In two dimensions, the group of conformal automorphisms of a space can be quite large (as in the case of Lorentzian signature) or variable (as with the case of Euclidean signature). The comparative lack of rigidity of the two-dimensional case with that of higher dimensions owes to the analytical fact that the asymptotic developments of the infinitesimal automorphisms of the structure are relatively unconstrained. In Lorentzian signature, the freedom is in a pair of real valued functions. In Euclidean, the freedom is in a single holomorphic function.

In the case of higher dimensions, the asymptotic developments of infinitesimal symmetries are at most quadratic polynomials.^[2] In particular, they form a finite-dimensional Lie algebra. The pointwise infinitesimal conformal symmetries of a manifold can be integrated precisely when the manifold is a certain model conformally flat space (up to taking universal covers and discrete group quotients).^[3]

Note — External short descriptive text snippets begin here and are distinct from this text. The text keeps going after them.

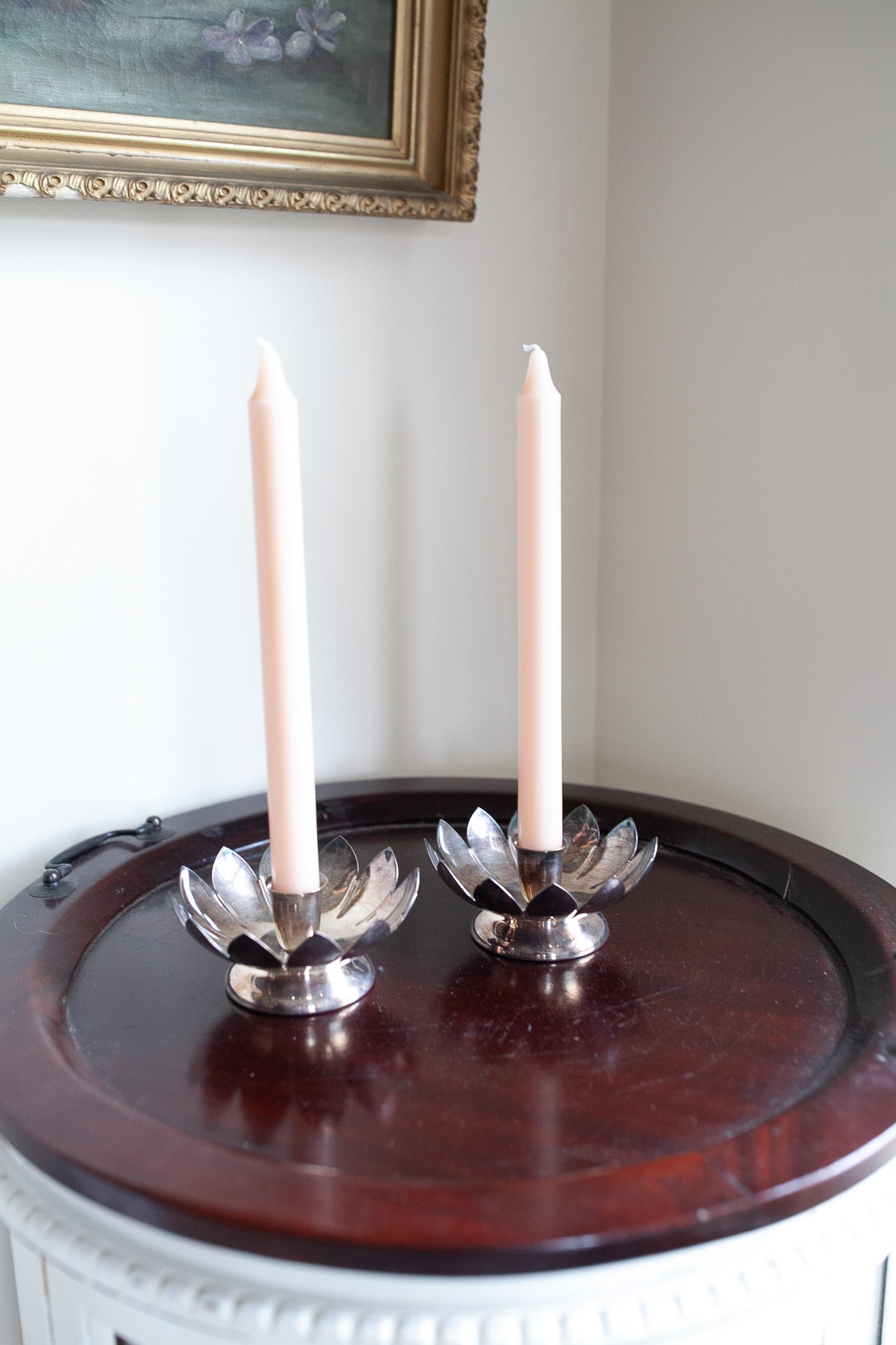 Vintage Pair of Leonard Reed and Barton Lotus Flower Taper Candle Holders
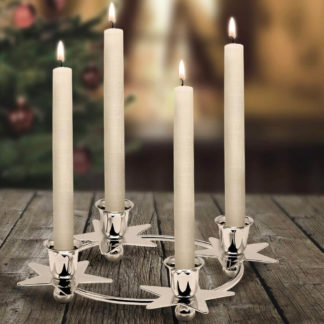 Kerzenständer | Kerzenhalter Adventskranz silber STERNE Edzard ø 19 cm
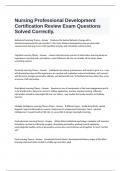  Nursing Professional Development Certification Review Exam Questions Solved Correctly.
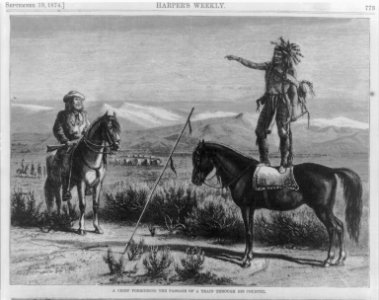A Chief (standing on horseback) forbidding the passage of a (wagon) train through his country LCCN2004678779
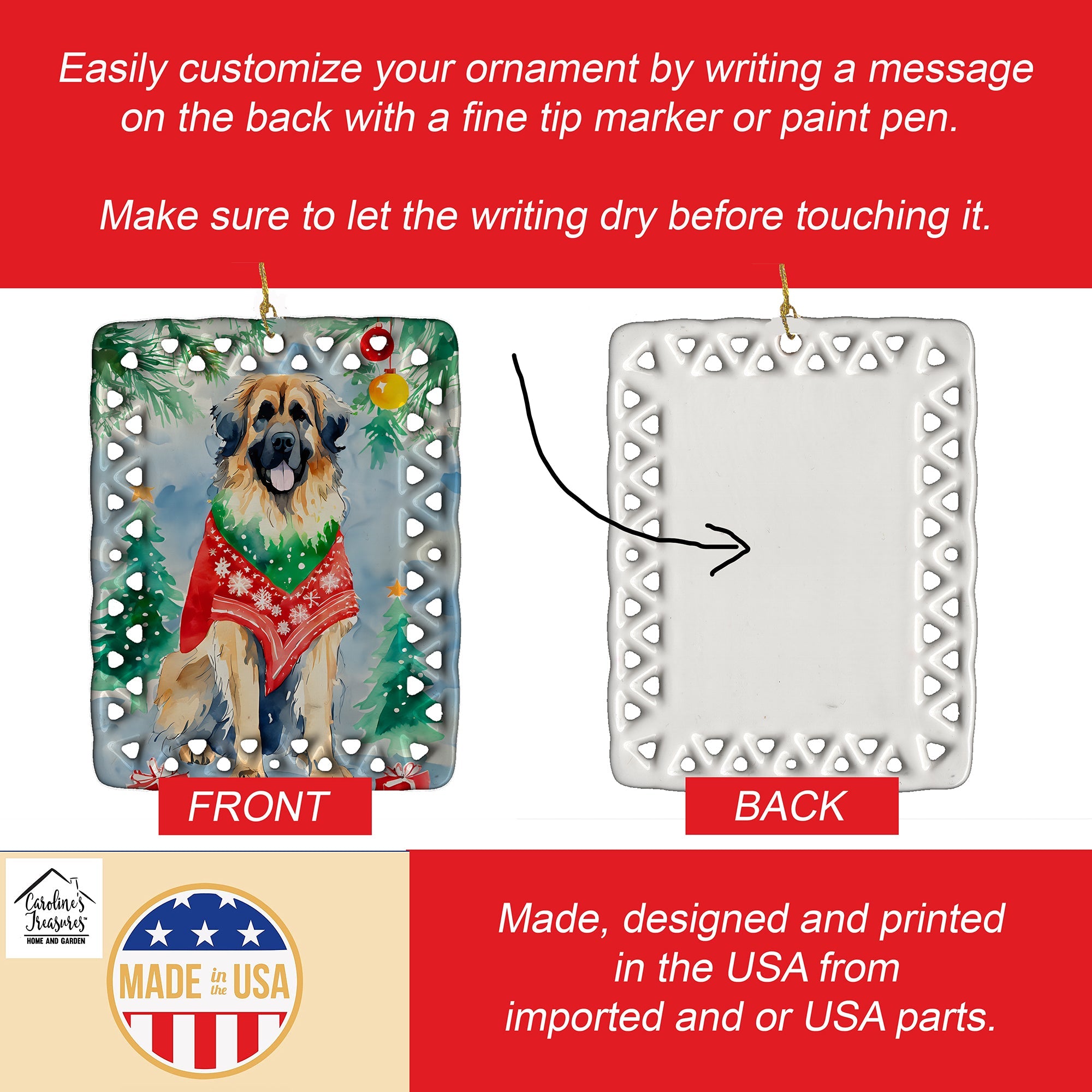 Leonberger Christmas Porcelain Ornament Christmas Tree Hanging Decorations for Home Christmas Holiday, Rectangle, Gift, Multicolor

The general theory of conformal geometry is similar, although with some differences, in the cases of Euclidean and pseudo-Euclidean signature.^[4] In either case, there are a number of ways of introducing the model space of conformally flat geometry. Unless otherwise clear from the context, this article treats the case of Euclidean conformal geometry with the understanding that it also applies, mutatis mutandis, to the pseudo-Euclidean situation.

The inversive model

The inversive model of conformal geometry consists of the group of local transformations on the Euclidean space Eⁿ generated by inversion in spheres. By Liouville's theorem, any angle-preserving local (conformal) transformation is of this form.^[5] From this perspective, the transformation properties of flat conformal space are those of inversive geometry.

The projective model

The projective model identifies the conformal sphere with a certain quadric in a projective space. Let q denote the Lorentzian quadratic form on Rⁿ⁺² defined by

${\displaystyle q(x_{0},x_{1},\ldots ,x_{n+1})=-2x_{0}x_{n+1}+x_{1}^{2}+x_{2}^{2}+\cdots +x_{n}^{2}.}$

In the projective space P(Rⁿ⁺²), let S be the locus of q = 0. Then S is the projective (or Möbius) model of conformal geometry. A conformal transformation on S is a projective linear transformation of P(Rⁿ⁺²) that leaves the quadric invariant.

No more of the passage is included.